Ekonom sekaligus Direktur Center of Economic and Law Studies (CELIOS), Bhima Yudhistira menilai bahwa sejauh ini perekonomian global belum dalam risiko mengalami hard landing (krisis).
“Tetapi (tetap) harus waspada karena kemungkinan terburuk bisa saja terjadi. Data masih sangat dinamis,” kata Bhima kepada Liputan6.com di Jakarta, Kamis (9/4/2025).
Ekonomi Global Berada di Ambang Resesi
Menurut Bhima, risiko yang membayangi perekonomian global saat ini mengarah pada resesi.

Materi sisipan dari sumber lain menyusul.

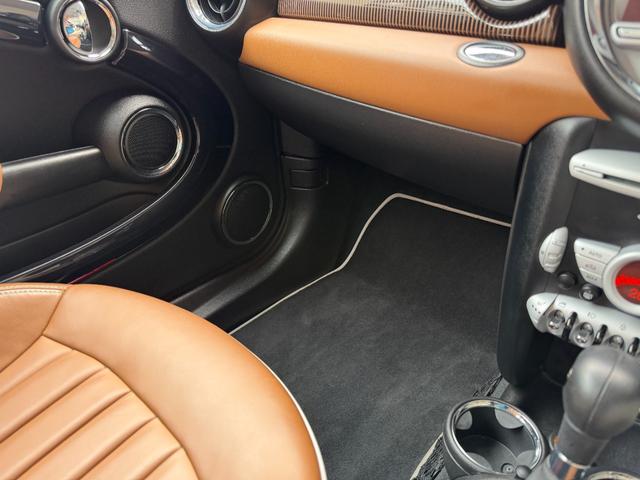 MINI 50 メイフェア 40周年記念モデル 専用レザーシート ナビゲーションシステム TV バックカメラ ETC フォグライト純正17インチアルミ 23242526272931 1.2.3.4.5.7記録簿 取扱説明書記録簿(44枚目)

“(Resesi) bisa bertahan lama, karena modelnya resesi bukan krisis, artinya soft landing. pelan-pelan tapi banyak yang akan dirugikan terutama dari sisi kesulitan lapangan kerja,” ungkapnya.
Dijelaskannya, ada 3 tanda ekonomi global mengarah pada resesi.

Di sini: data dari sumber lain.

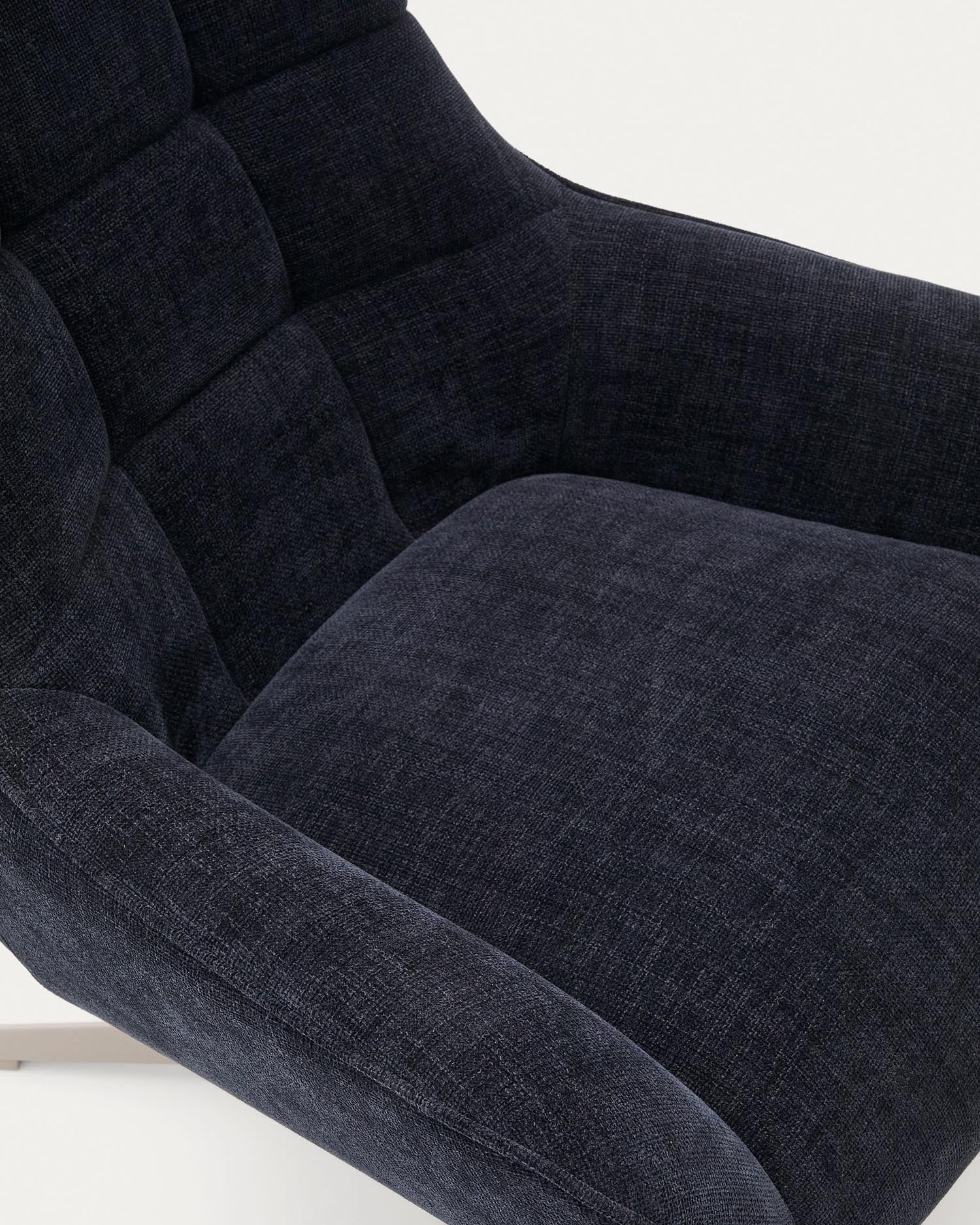 Entdecken Sie den Sessel Teryl: Luxuriöse blaue Chenille, robuste graue Metallbeine, umweltfreundlich und stilvoll – ideal für jedes Zuhause.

Tanda pertama, ditandai dengan eskalasi perang dagang AS-China berdampak ke penurunan tajam volume perdagangan dunia.
“Aksi sepihak yang dilakukan Trump melalui tarif resiprokal meski ditunda 90 hari, tapi efek guncangannya sudah dirasakan. Baltic Dry Index, yang memonitor jumlah pengiriman kargo turun -20,6% secara tahunan,” imbuh Bhima.
Tanda kedua, adalah anomali pada VIX indeks atau indeks yang menggambarkan volatilas pasar saham.

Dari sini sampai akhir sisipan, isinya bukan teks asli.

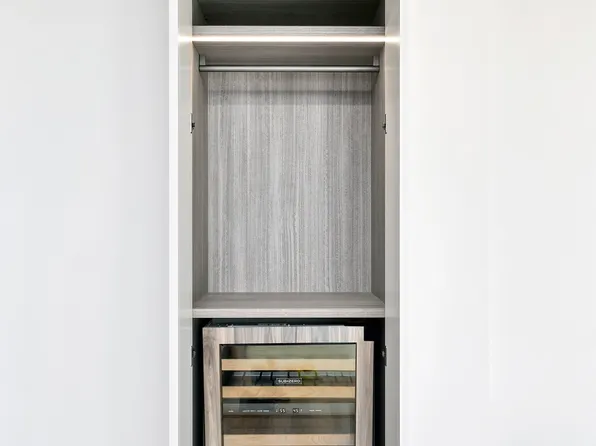 32 East 1st Street image 7 of 13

Sebelumnya, puncak VIX indeks terjadi pada pandemi COVID-19, saat ini ada loncatan signifikan karena perang dagang. VIX Indeks sering dijadikan alarm pra-resesi ekonomi.
“Ketiga, merosotnya harga minyak mentah ke level terendah sejak 2021 atau turun 28,4% year on year,” jelas Bhima.
Bhima menyoroti, penurunan ini membuat harga komoditas lain seperti batubara, dan nikel alami kontraksi tajam. Bagi negara yang struktur ekonomi nya bergantung pada siklus harga komoditas, ini adalah tanda pelemahan ekonomi yang berbahaya.
Advertisement
Apa Saja yang Harus Disiapkan Indonesia?
Untuk bersiap menghadapi kemungkinan resesi, Bhima menilai Indonesia perlu untuk segera merilis paket stimulus ekonomi yang mendukung insentif fiskal dan non-fiskal ke sektor padat karya.
“Untuk mendorong disposable income masyarakat diperlukan diskon tarif listrik 50% berlaku hingga akhir 2025,” paparnya.
Bhima lebih lanjut menyarankan, Pemerintah harus mengkaji ulang efisiensi anggaran yang tidak proporsional dan berdampak ke pelemahan daya beli masyarakat di daerah.
“Jangan ada austerity measures,” sebutnya.
“BI bisa turunkan bunga 50 bps agar beban pinjaman bank ke umkm dan industri lebih ringan,” imbuh Bhima.